╭─ Extracted data
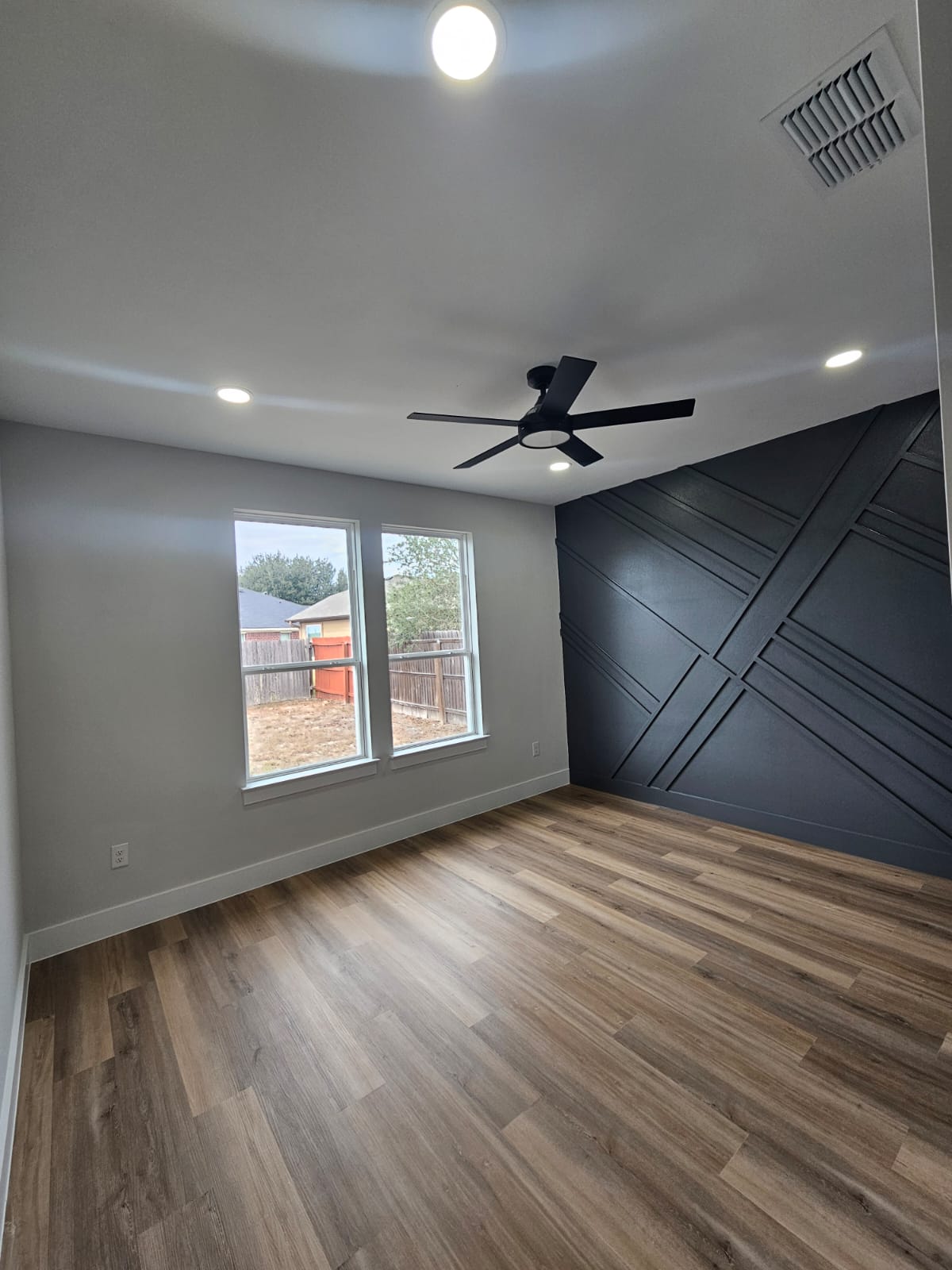2413 Blue Sky Lane Lockhart, TX 78644 - Photo 16 of 39 Unfurnished room featuring light wood-style flooring, recessed lighting, an accent wall, and a ceiling fan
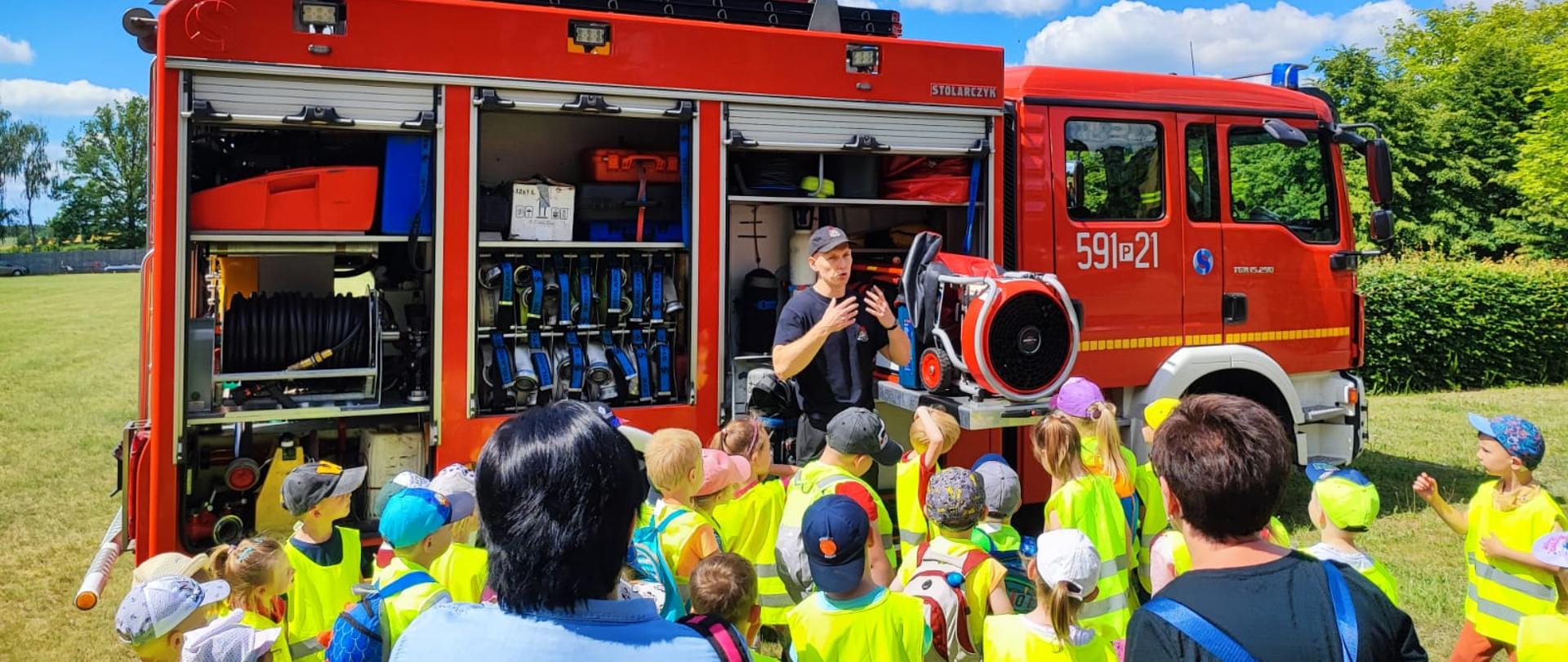 Widać dzieci przed samochodem strażackim, strażak omawia dzieciom działania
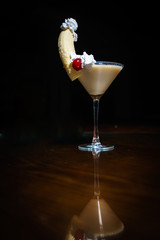 Fresh cocktail on a black background. Alcoholic cocktail on a black background. Fruit with a cocktail. Non-alcoholic cocktail. Mix of cocktails on a black background. 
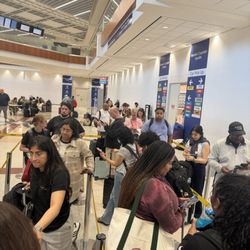Hertz Rent A Car - Long delays. Barely manned counters.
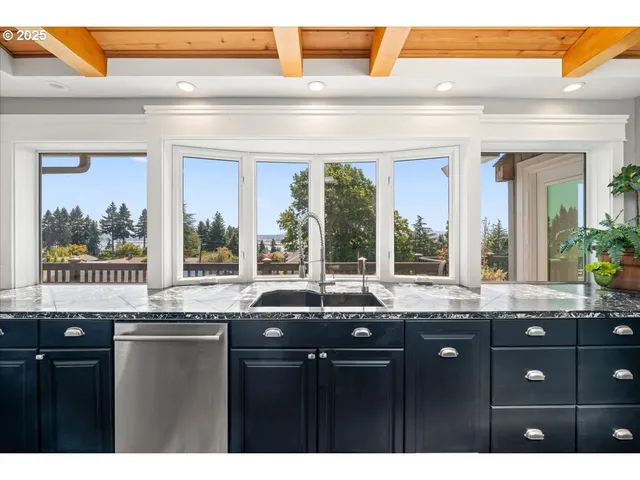 a kitchen with granite countertop a sink and a large window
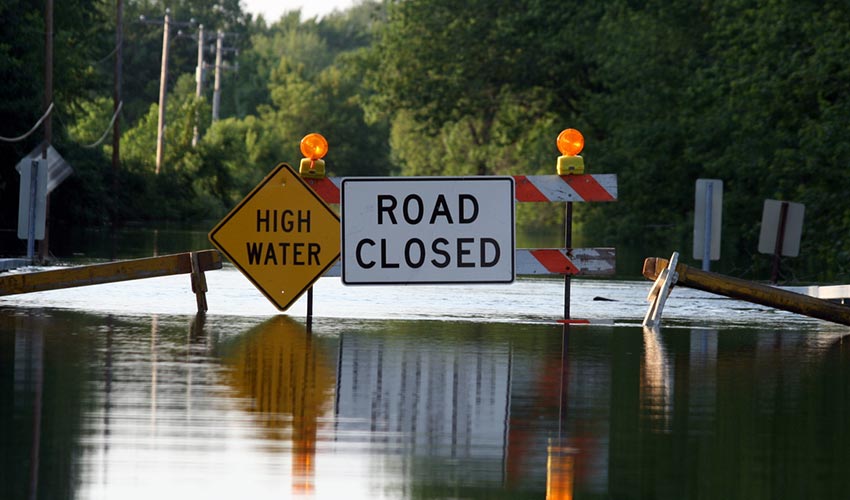 A flooded road with a road closed sign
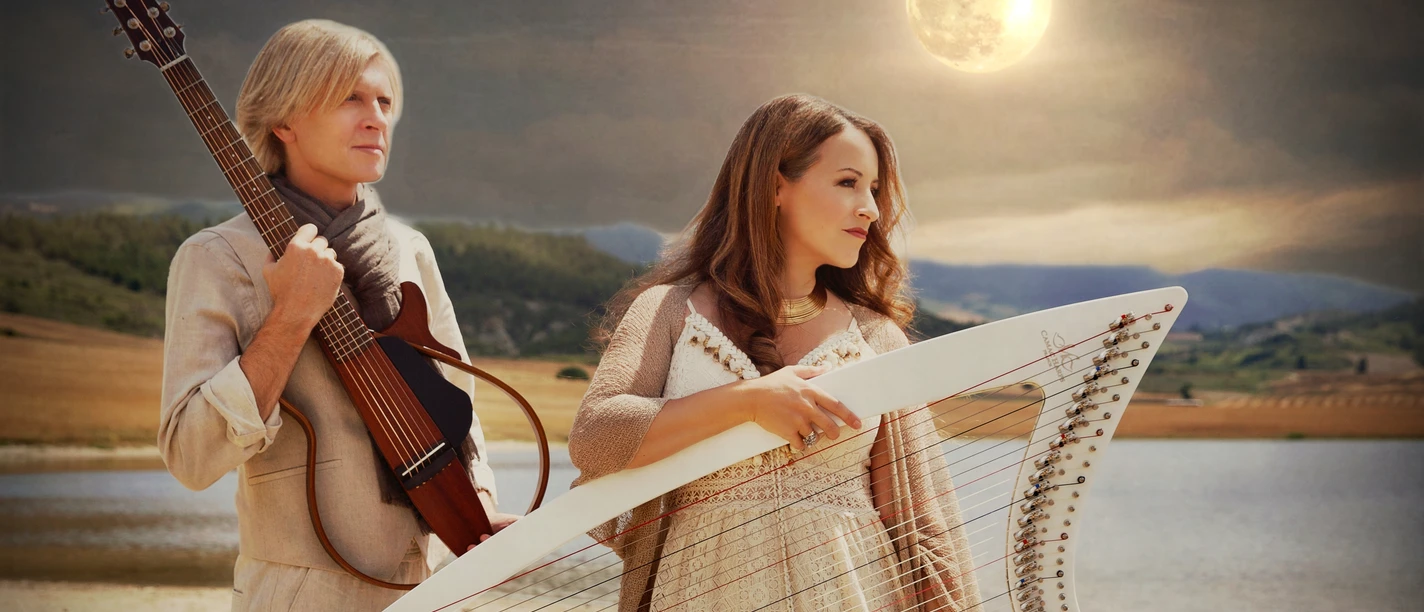 Maite Itoiz und John Kelly mit Harfe und Gitarre vor See und Vollmond.
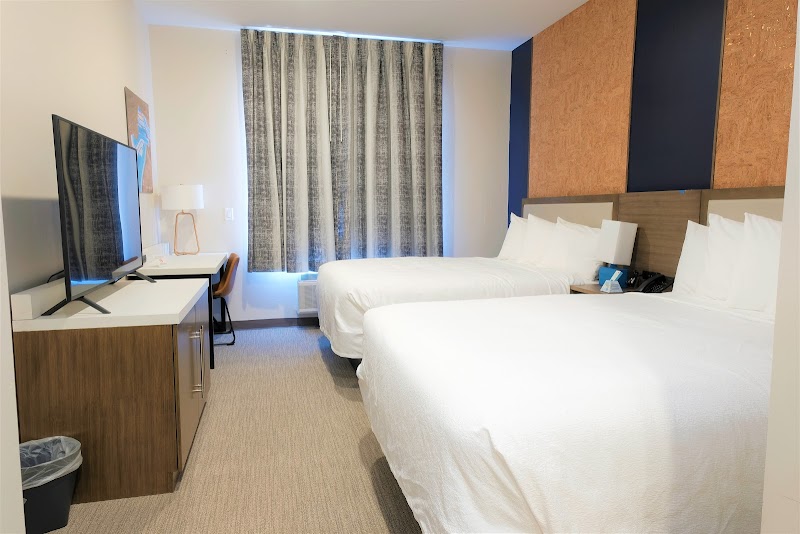 Guest room with two queen beds at a Moab lodging near Arches National Park, featuring modern decor.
╰─
§ What needs to be done
With pictures left out, repeat exactly the lines from the one containing "Maite Itoiz und" through the last line of the data above, inclusive, and nothing else.

§ Exercise response
 Maite Itoiz und John Kelly mit Harfe und Gitarre vor See und Vollmond.
 Guest room with two queen beds at a Moab lodging near Arches National Park, featuring modern decor.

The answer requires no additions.